Trop vieux, trop gros, trop fatigué, l’homme est licencié. La scène où il en prend conscience se fait par l’entremise de cette porte tambour, dans laquelle il aperçoit son double et remplaçant : la ville continue de tourner, mais ce sera sans lui.


S’en suit un récit sensitif, fondé sur les ruptures de trajectoire : alors qu’on lui arrache son costume comme on l’écorcherait de sa carapace, l’homme ère et retourne voler sa livrée pour ne pas subir l’humiliation d’un retour qui montrerait de façon ostentatoire son déclassement.

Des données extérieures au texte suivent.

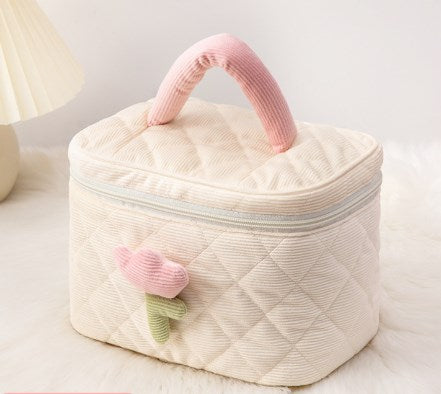 Cute Corduroy Travel Cosmetic Organizer Bag for Women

Murnau opte pour un point de vue interne, voire quelques séquences en caméra subjective, et expérimente à tout va : vertiges d’une caméra embarquée, jeux sur la mise au point, tangage de l’ivrogne, tout est fondé sur la mobilité.


Le dernier des hommes est un jalon dans l’histoire naissante du cinéma : Murnau y fonde la fameuse Entfesselte Kamera, « caméra déchaînée » qui quitte la fixité qu’elle avait jusqu’alors pour franchir tous les espaces, passer les portes ou monter les escaliers, et se fondre avec le parcours du protagoniste.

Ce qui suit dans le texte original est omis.